18 Comments

  1. Disappointing: The so-called experts here seem to break one of the cardinal rules of temperature probes: The cables are not routed through the grommet port on the smoker but are instead crimped under the heavy lid.

  2. I bet the foil boat would work for a pork shoulder/butt also. Keep a good fat cap on top for bark. What you think? Full packer brisket a LOT of meat to have around so I don’t know. Would love to try tho

  3. Seems to me on the brisket boat recipe you may get bark but it will be on the fat cap side if smoked fat cap up , and the meat side will not have bark or at least the bark will be soft.
    I think if I try this I will go fat cap down and be sure to keep the meat side basted ever so often.
    I say this because usually after my brisket is done resting my what fat cap is left I scrap away.
    Also wouldn’t you get the same results using a disposable pan instead of curled up foil.
    Anyway just my thoughts , I need some brisket now.
    Thanks for all the great info.

    1. Jason,

      The point of having it fat-cap up is that you get a nice little layer of crispy fatty almost bacon-y bark on the fatcap. You could use a disposable pan, but you’d want to crinkle it all up on the edges of the brisket. You want it to be close-close, not just a pan in which to cook it.

  4. Was thinking, why not just butcher wrap (in the boat) through the stall? Then pull the wrap off and let it do its thing in the boat to finish off.

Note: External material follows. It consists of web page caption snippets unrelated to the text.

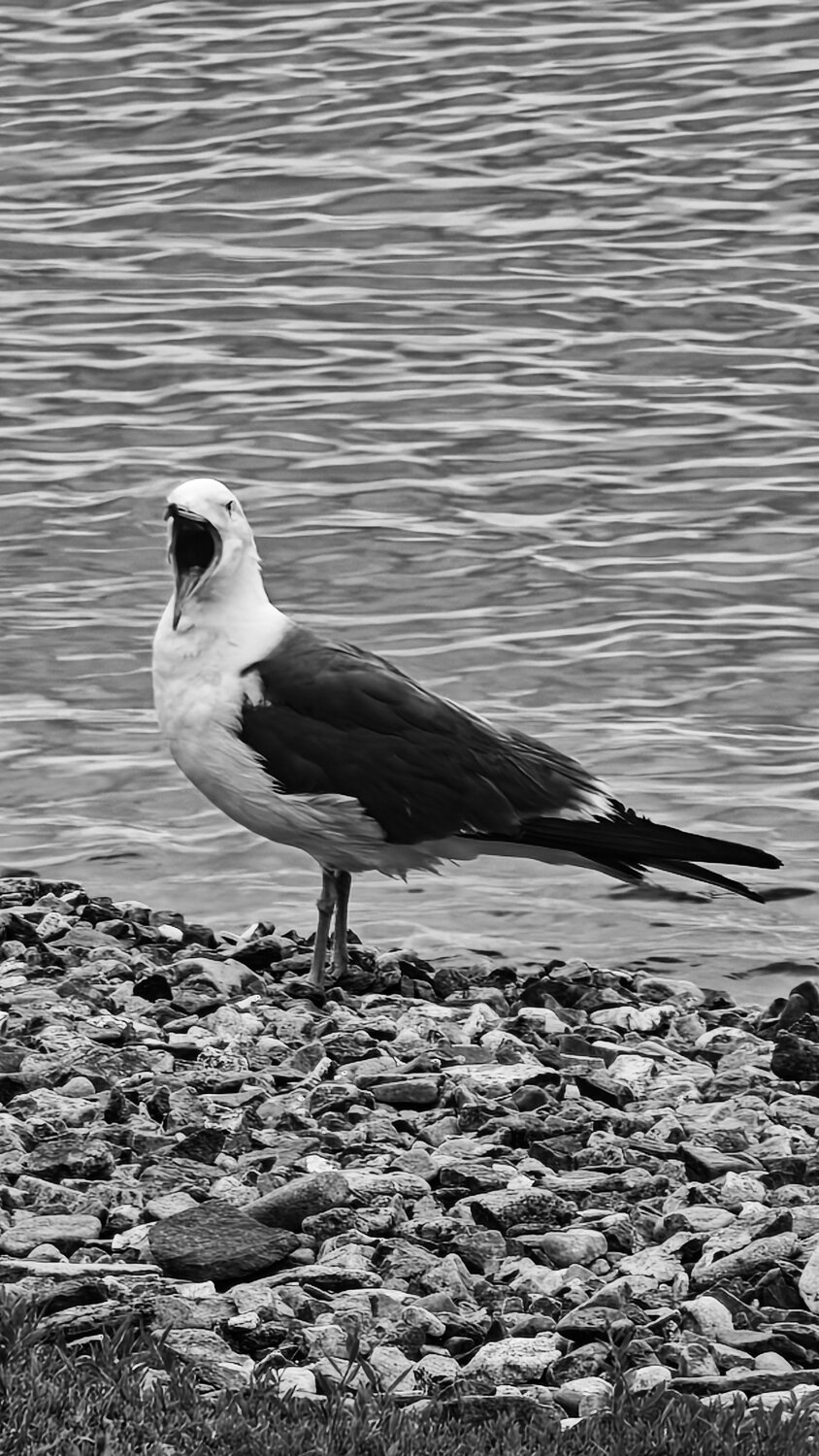 Photo #14120095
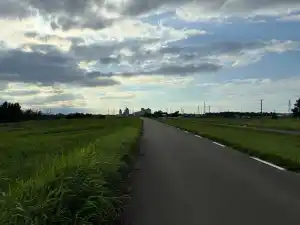 写真No.2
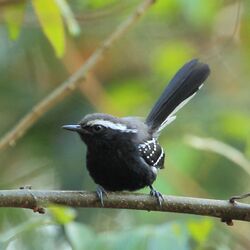 Formicivora melanogaster - Black-bellied Antwren (male) 01.jpg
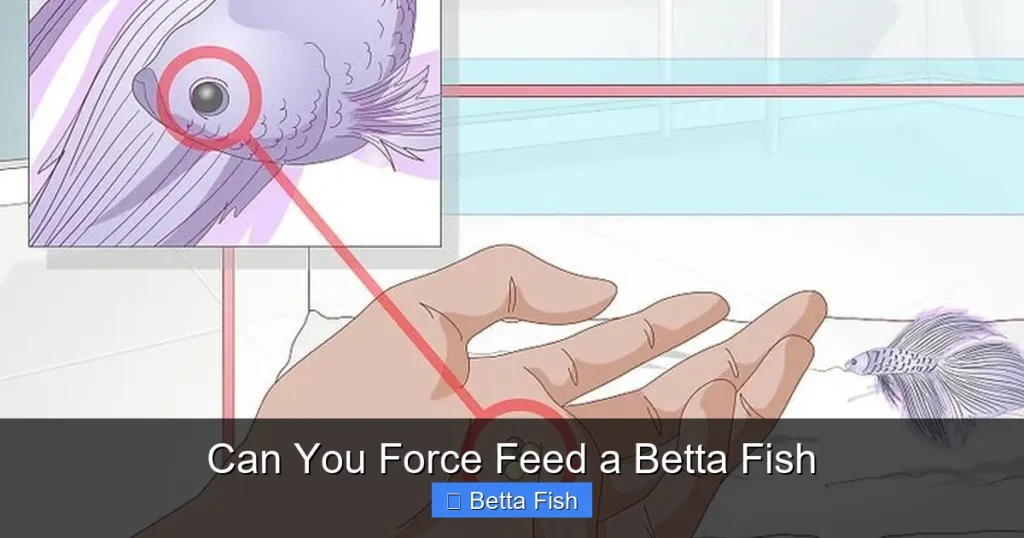 Can You Force Feed a Betta Fish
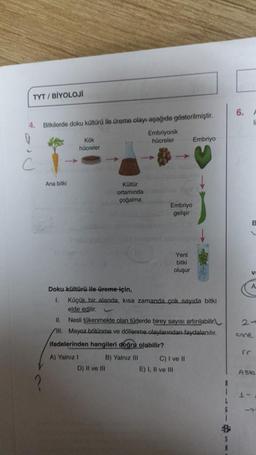 TYT/BİYOLOJİ
4. Bitkilerde doku kültürü ile üreme olayı aşağıda gösterilmiştir.
Embriyonik
hücreler
Ana bitki
Kök
hücreler
Doku kültürü ile üreme için,
I.
Kültür
ortamında
çoğalma
A) Yalnız I
B) Yalnız III
D) II ve III
-
Embriyo
gelişir
Küçük bir alanda, kısa zamanda çok sayıda bitki
elde edilir.
11. Nesli tükenmekte olan türlerde birey sayısı artırılabilir.
Ill. Mayoz bölünme ve döllenme olaylarından faydalanılır.
ifadelerinden hangileri doğru olabilir?
Yeni
bitki
oluşur
E) I, II ve III
C) I ve II
Embriyo
B
6.
A
li
2-
cone
fr
Ask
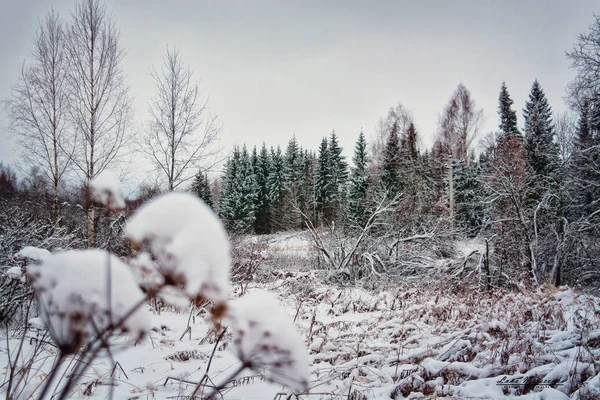 Χειμώνας δάσος με πράσινα δέντρα, Χλόη κίτρινη και φύλλα. — Φωτογραφία Αρχείου
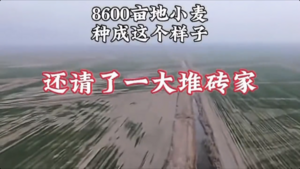 中國農村土地延包試點擴大 網曝資本下鄉亂象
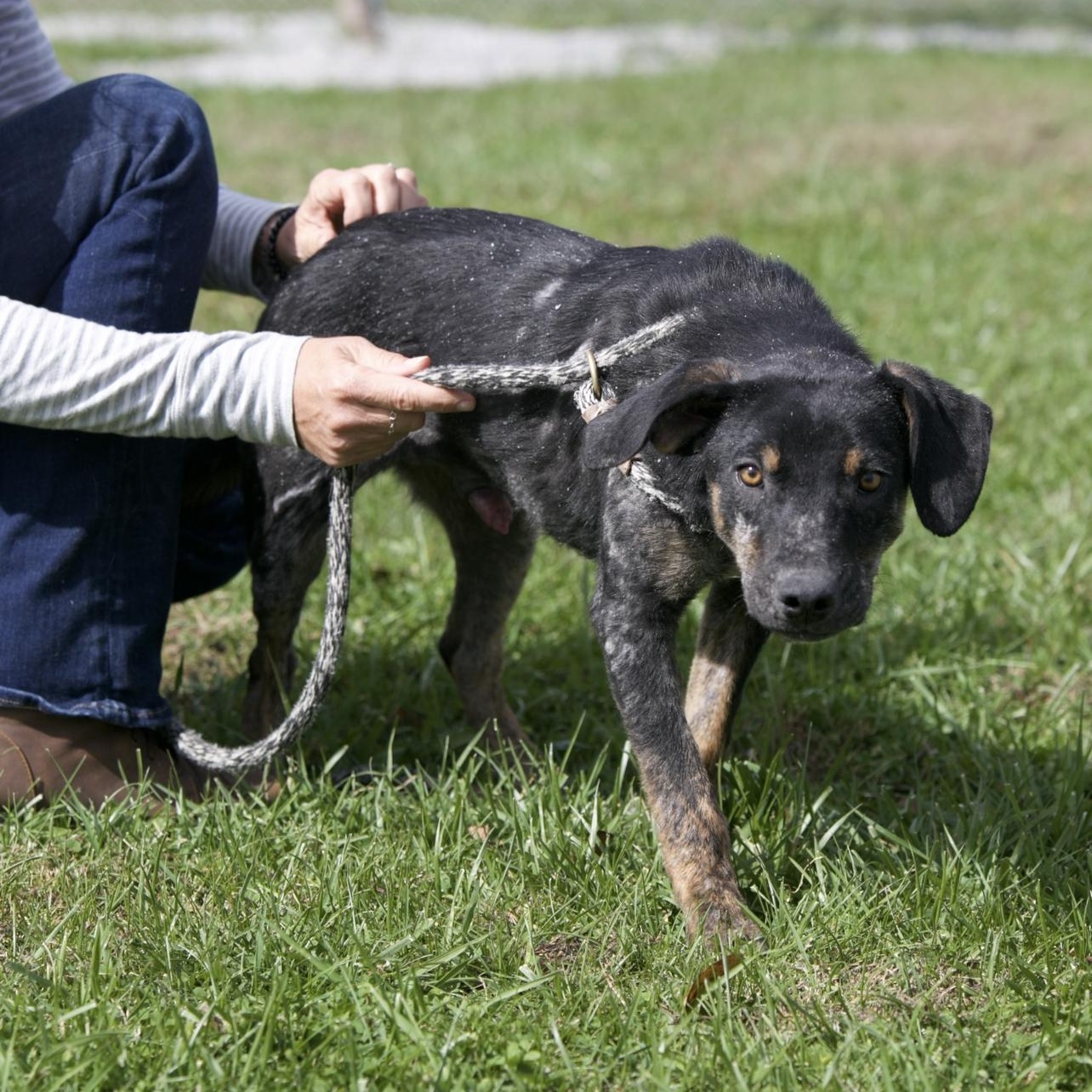 Enlarge Koal, a Adoptable mixed breed in Mount Sterling, KY image 4/5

    1. Butcher paper wrapping and foil boat are just two different methods. Wrapping in butcher paper poses the risk of producing a soggy bark due to trapped steam. Also the fat juice can leak out of the paper and is lost. With foil boat, the steam just evaporates, the bark continues to build, and the fat continues to render. Also, the foil boat tends to capture the rendered fat and allows the flat, if you’re cooking fat side up, to soak it in. This keeps the flat juicier and more flavorful, in my opinion. Plus, after you rest the brisket, you can dump your saved rendered fat over the top of your perfectly made brisket!

  5. with probes in flat and point, which one do you go by for boating/wrapping and pulling? the first one to reach temp?

  6. One of the problems with cooking a brisket or pork shoulder when you are having company is that the time until done is an unknown. Do you have a recommendation for finishing early with and extended rest or holding at a lower temperature? How long can such a rest or hold be done and what are some good methods?

    1. YOu can hold it for HOURS, and it will get even better, usually! Aim to have it done WELL before your guests should arrive, and hold it, wrapped, in a cooler padded with some towels for extra insulation.